Het OESO-modelverdrag voorziet in de belastingheffing naar winst van ondernemingen in de woonplaatsstaat; de andere overeenkomstsluitende Staat heeft het recht belasting te heffen naar de winst die kan worden toegerekend aan een vaste inrichting waarover de onderneming in die andere Staat beschikt.

c) Zeevaart en luchtvaart (artikel 8)

Overeenkomstig de gewone regels, is winst uit de exploitatie van schepen of luchtvaartuigen in internationaal verkeer belastbaar in de Staat waar de werkelijke leiding van de onderneming is gelegen.

Deze regel is eveneens van toepassing op winst uit de verhuring van bemande of onbemande schepen of luchtvaartuigen gebruikt in internationaal verkeer en op bijkomende winst uit het gebruik, het onderhoud of de verhuring van laadkisten, op voorwaarde dat die winst bijkomend is ten opzichte van de hierboven bedoelde winst uit zee- en luchtvaart.

d) Dividenden (artikel 10)

In alle gevallen wordt de bronheffing beperkt tot 15 % van het brutobedrag van de dividenden.

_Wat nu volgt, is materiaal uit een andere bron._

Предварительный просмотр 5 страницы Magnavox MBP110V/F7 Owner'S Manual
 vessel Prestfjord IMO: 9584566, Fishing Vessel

Deze bepaling gaat evenwel samen met het punt 3 van het Protocol dat de « clausule van de meest begunstigde natie » bevat. Indien Ecuador in een overeenkomst met een derde Staat een bronheffing tegen een lager tarief ­ met inbegrip van een vrijstelling ­ voor dividenden aanvaardt, dan zal, ingevolge deze clausule, dat lager tarief ­ of die vrijstelling ­ automatisch van toepassing zijn in de betrekkingen tussen België en Ecuador vanaf de datum waarop de overeenkomst tussen Ecuador en de betrokken derde Staat uitwerking heeft.

e) Interest (artikel 11)

1. De belastingheffing naar interest in de bronstaat is beperkt tot 10 % van het brutobedrag van de interest.

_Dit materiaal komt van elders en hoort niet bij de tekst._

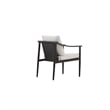 New Classic Furniture Moana 7-Piece Aluminum Patio Dining Set in Brown/Ivory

2. Er is evenwel in een vrijstelling voorzien voor :

­ interest van handelsschuldvorderingen wegens termijnbetaling van leveringen van uitrustingen, koopwaar of goederen;

­ interest van leningen of kredieten die zijn toegestaan, gewaarborgd of verzekerd door een financiële instelling of een openbaar orgaan met als doel de uitvoer te bevorderen;

­ interest van niet door effecten aan toonder vertegenwoordigde bankleningen;

­ interest betaald aan de andere overeenkomstsluitende Staat, een staatkundig onderdeel of een plaatselijke gemeenschap daarvan.

f) Royalty's (artikel 12)

Royalty's zullen in principe in de Woonplaatsstaat van de genieter mogen worden belast, maar de Bronstaat zal die inkomsten eveneens mogen belasten tegen een tarief dat niet hoger mag zijn dan 10 % van het brutobedrag van de royalty's.

Het is evenwel van belang hier de restrictieve bepaling van de uitdrukking « royalty's » aan te halen. Zo zijn immers ingevolge de punten 1 en 2 van het Protocol de vergoedingen betaald voor het gebruik van, of voor het recht van gebruik van, een nijverheids- of handelsuitrusting of voor een wetenschappelijke uitrusting en de vergoedingen betaald voor technische bijstand of diensten, niet belastbaar als royalty's, maar wel als ondernemingswinst (art. 7) of als inkomsten uit zelfstandige arbeid (art. 14).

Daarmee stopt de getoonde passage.